Déjà vu, literally “already seen,” is the strong sensation that a current event has been experienced in the past, whether it has actually happened or not.
When my OCD, anxiety and depression were at their worst, I used to constantly have bad thoughts. It usually involved people close to me dying. I forgot about it until it started happening again recently.
My mind used to spin so fast with worry that I would barely recognize the wonderful things in front of me, including my kids.
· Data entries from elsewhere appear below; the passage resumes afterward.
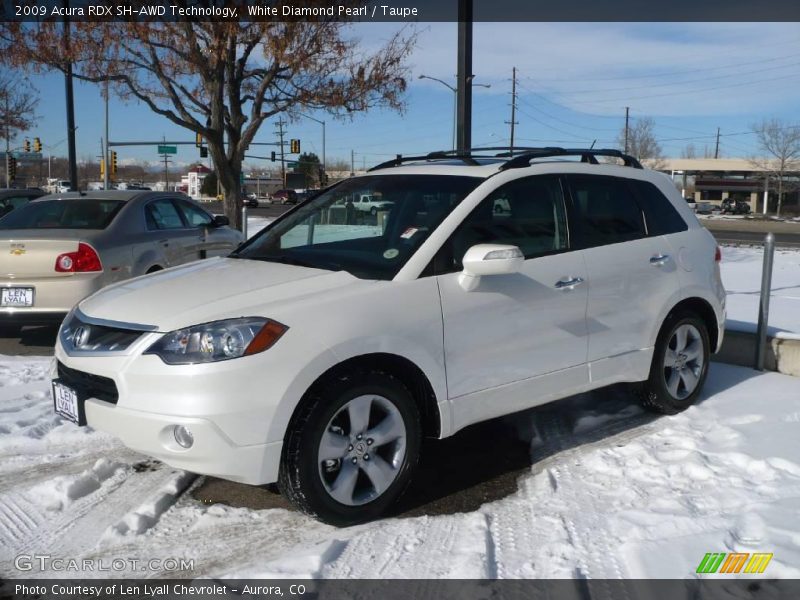 White Diamond Pearl / Taupe 2009 Acura RDX SH-AWD Technology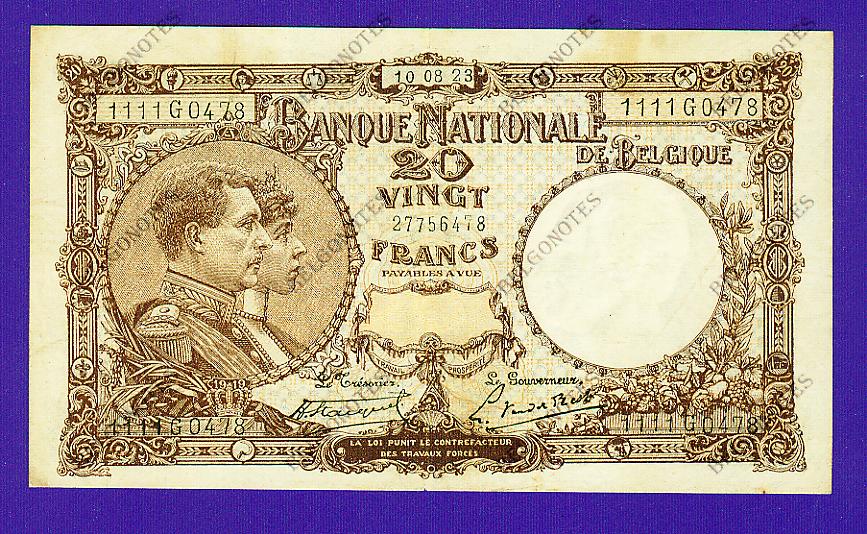 20 Francs Type '1919' *1923*Lot 1902610478
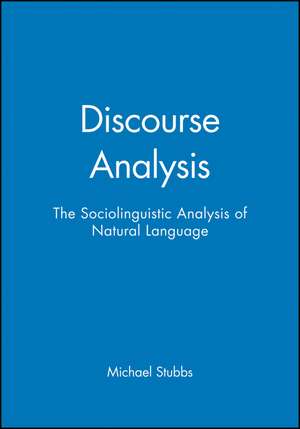 Discourse Analysis de Stubbs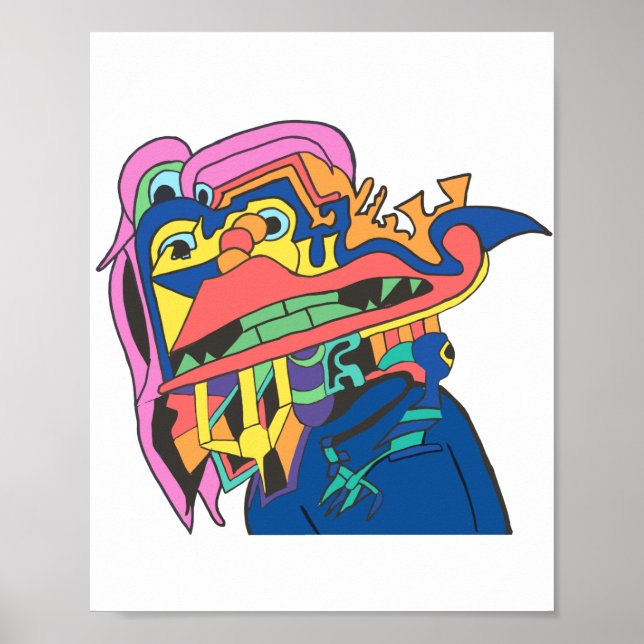 Poster A Brisa Colorida (Frente)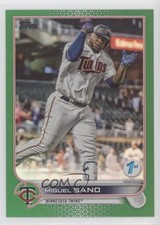 2022 Topps Series 1 1st Edition Green 147/150 Miguel Sano #123 0c2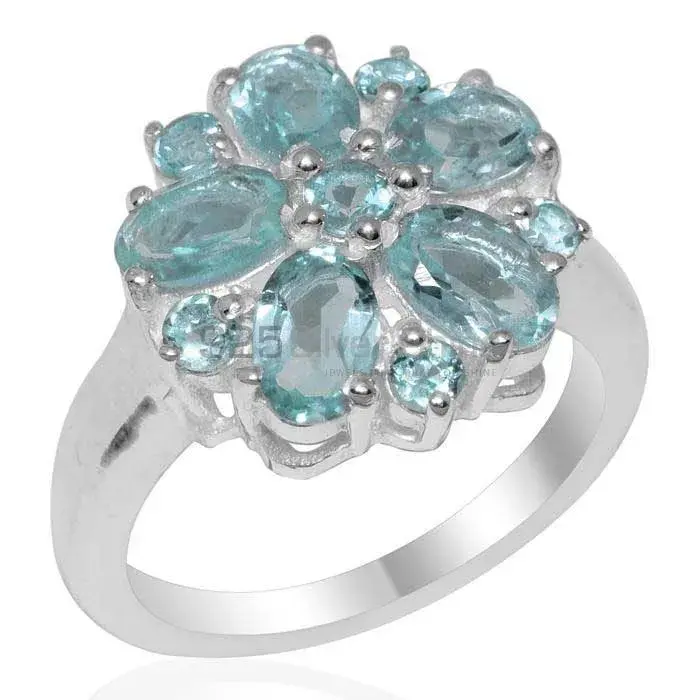 925 Sterling Silver Rings In Semi Precious Blue Topaz Gemstone 925SR1756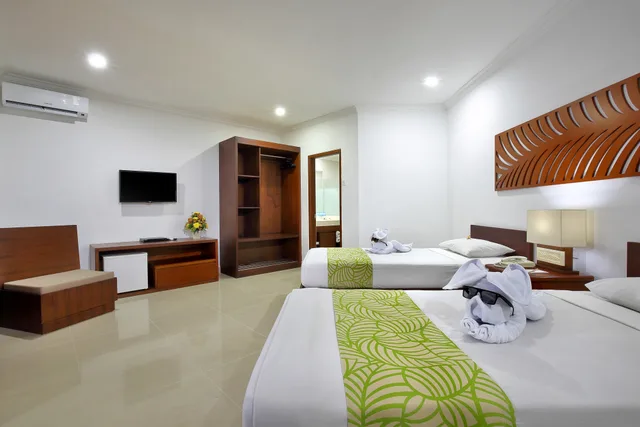 غرفة عائلية بسرير مزدوج وسرير فردي، DEWI SRI HOTEL 5/7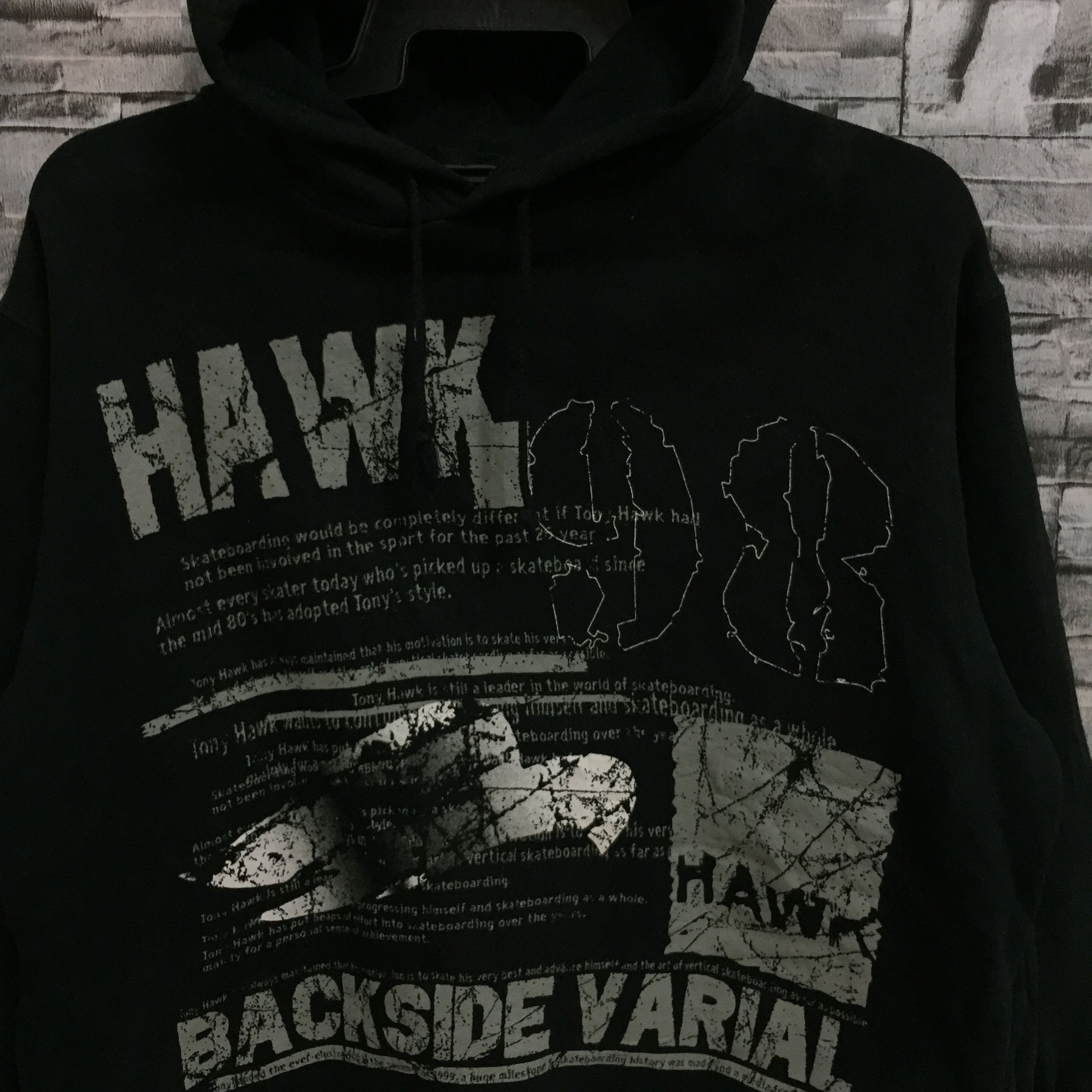 Tony Hawk Vintage Tony Hawk hoodie big logo size LL fit L Size US L / EU 52-54 / 3 - 3 Thumbnail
In fact, I was often looking at the miracle in front of me and, instead of enjoying it, would work myself into an anxiety attack. Because there was always the chance I could lose it all.
As the dark thoughts whirled around, I’d start to worry about the possibility that something bad would happen and that when it did, it would come at me as a déjà vu. My mind would start flashing images of accidents and disease involving my kids, and I would repeatedly beg God to not let it become a déjà vu.
The absurd thing about fear and anxiety is that you get thoughts that have no basis in reality. Yet when the images come, it feels as real as the ground beneath you. For the victim of OCD, it becomes a living beast of flesh, bone, teeth and overall terror.
Last week, after several nights of poor sleep and a particularly stressful afternoon, I had one of those moments — the first in several years. I saw it for what it was this time, and the fear dissipated pretty quickly.
But it served as an important reminder: You can learn to manage your demons, but you’re never fully free of them. You always have to be on guard.
That’s not a terrible thing. It’s a simple fact of life really, and I’m grateful that today I can put those moments in the proper perspective.